▶ [Data below]:

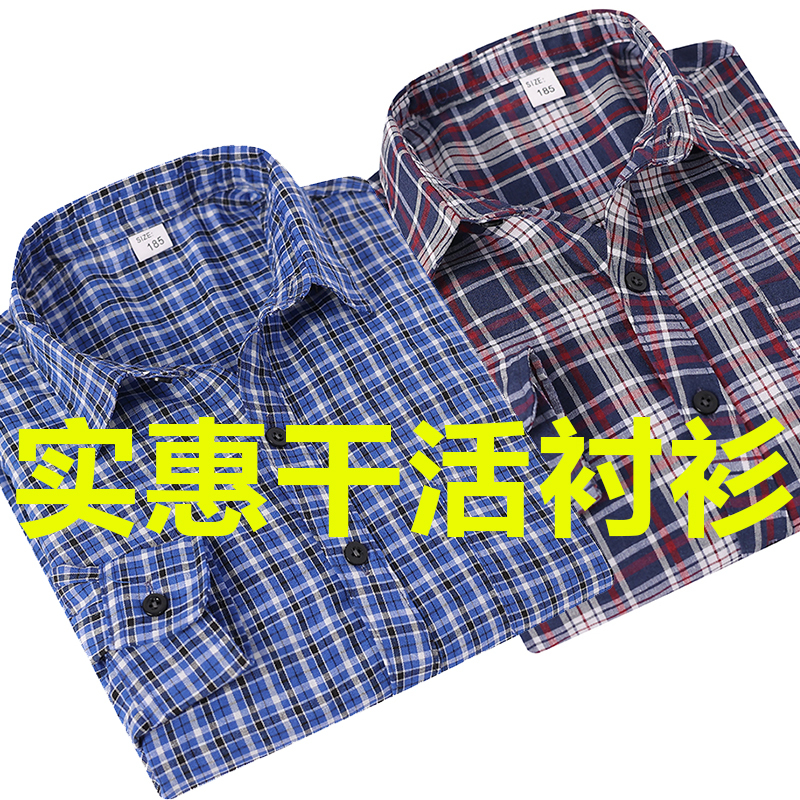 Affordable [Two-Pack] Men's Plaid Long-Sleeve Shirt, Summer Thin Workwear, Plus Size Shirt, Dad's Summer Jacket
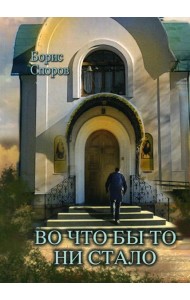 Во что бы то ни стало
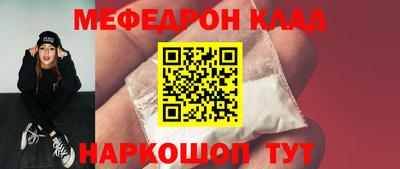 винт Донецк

▶ [Task description]:
Would you return the data above exactly as written, minus the images?

▶ [Worked solution]:
 Affordable [Two-Pack] Men's Plaid Long-Sleeve Shirt, Summer Thin Workwear, Plus Size Shirt, Dad's Summer Jacket
 Во что бы то ни стало
 винт Донецк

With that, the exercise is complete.